Глава 25 Песок в часах
Глава, в которой песок Каи — метафора ускользающей памяти и попыток контролировать время, а каждая крупинка — подавленная правда, буквы-раны — символ языка как оружия, которое искажается под давлением системы (V-знаков), часы-глаза — слепота к последствиям, пустая колба — исчерпанная жертвенность, а тень Каи — её подавленная совесть, которая бежит от ответственности.
Кая ворвалась в квартиру, её пальцы сжимали горсть песка, который сочился сквозь кулак, как кровь из раны, Микка сидел за столом, разбирая груду листовок с V-знаками, но, увидев её глаза — выжженные, как пустые колбы, — замер.
— Они… не дают говорить, — прохрипела она, и первая буква выпала из её рта. «Б» упала на пол, прожгла линолеум и зашипела, как уголь.
— Кто «они»? — Микка поднял букву, обжёгся, но не отпустил.

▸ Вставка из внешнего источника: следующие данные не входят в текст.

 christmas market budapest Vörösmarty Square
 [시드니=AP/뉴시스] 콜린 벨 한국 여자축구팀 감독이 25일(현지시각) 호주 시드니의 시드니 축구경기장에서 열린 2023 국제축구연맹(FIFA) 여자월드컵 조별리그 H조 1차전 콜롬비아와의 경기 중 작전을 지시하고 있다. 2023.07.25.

Кая попыталась ответить, но вместо слов из её горла посыпались «Е», «Г», «И», будто её тело превратилось в сломанный принтер, буквы кружились в воздухе, слипаясь во фразы, которые тут же распадались, Микка ловил их, как мотыльков, и складывал на столе.
— «БЕГИ»? — прочитал он, и буквы вспыхнули ядовито-зелёным. — От кого?
Кая ткнула пальцем в окно, за стеклом, в рыжей дымке, маячили силуэты без лиц — их руки были усеяны V-знаками, как оспинами, но слово на столе уже менялось: «БЕ» распухло, превратившись в «БНИ», и переместилось в конец слова.
«ГИБНИ» — замерцало кроваво-чёрным, и комната наполнилась запахом горелой кожи.
— Это не я… — Кая отшатнулась, наступив на собственную тень, та завизжала, как раненый ёж, и поползла к стене, оставляя за собой след из плесени и битого стекла.
Джинн, дремавший в углу с бутылкой «Хроноцида», фыркнул:
— Поздравляю. Ты только что проиграла в пьяную рулетку со временем.
Микка схватил Каю за плечо, но ткань её рубашки рассыпалась, превратившись в песок, а под ней — тело, покрытое трещинами, как высохшая глина.
— Что ты натворила? — прошипел он. — Это из-за твоих «дверей в будущее»?
Она молчала, вместо ответа её волосы начали осыпаться, превращаясь в серебристый песок, каждая крупинка звенела, падая на пол, и Микка вдруг вспомнил — не своё прошлое, а чужое.
Картинка: Кая, стоящая над разбитыми часами, её руки в крови, на стене — знак «V», а под ним детская надпись: «Микка должен жить».
— Ты… переписала что-то, — он отпустил её, и та рухнула на колени. — Но время — не глина, оно треснуло.
Песок из её волос пополз по полу, сливаясь в узоры, буквы «ПОГИБНИ» ожили, обвили его лодыжки, тянулись вверх, как плющ, где-то вдалеке завыл ветер, и Микка понял — это не ветер, а смех.
Кая подняла лицо, вместо глаз — песочные часы, и верхняя колба уже почти пуста.
— Не смогла… предупредить… — её голос рассыпался на звуки, как старое письмо на пыль. — Они идут за тобой, потому что ты…
Последнее слово так и не сформировалось, её тело рухнуло, рассыпавшись в дюну, а в центре торчали часы — стрелки бешено крутились, сдирая цифры с циферблата.
Микка схватил их, песок обжёг кожу, но он не отпускал. Надпись «ПОГИБНИ» заползла на циферблат, а из коридора донёсся скрежет — будто кто-то точил нож о кость.
Джинн допил остатки «Хроноцида» и швырнул бутылку в стену:
— Добро пожаловать в клуб, философ. Здесь все предупреждения — опоздавшие, а будущее уже в прошлом.
На полу, среди песка Каи, осталась записка: «V — это не дверь, это зеркало, которое смотрит в тебя». А за окном силуэты без лиц начали лепить из песка фигуру Микки — точную, до последней морщинки.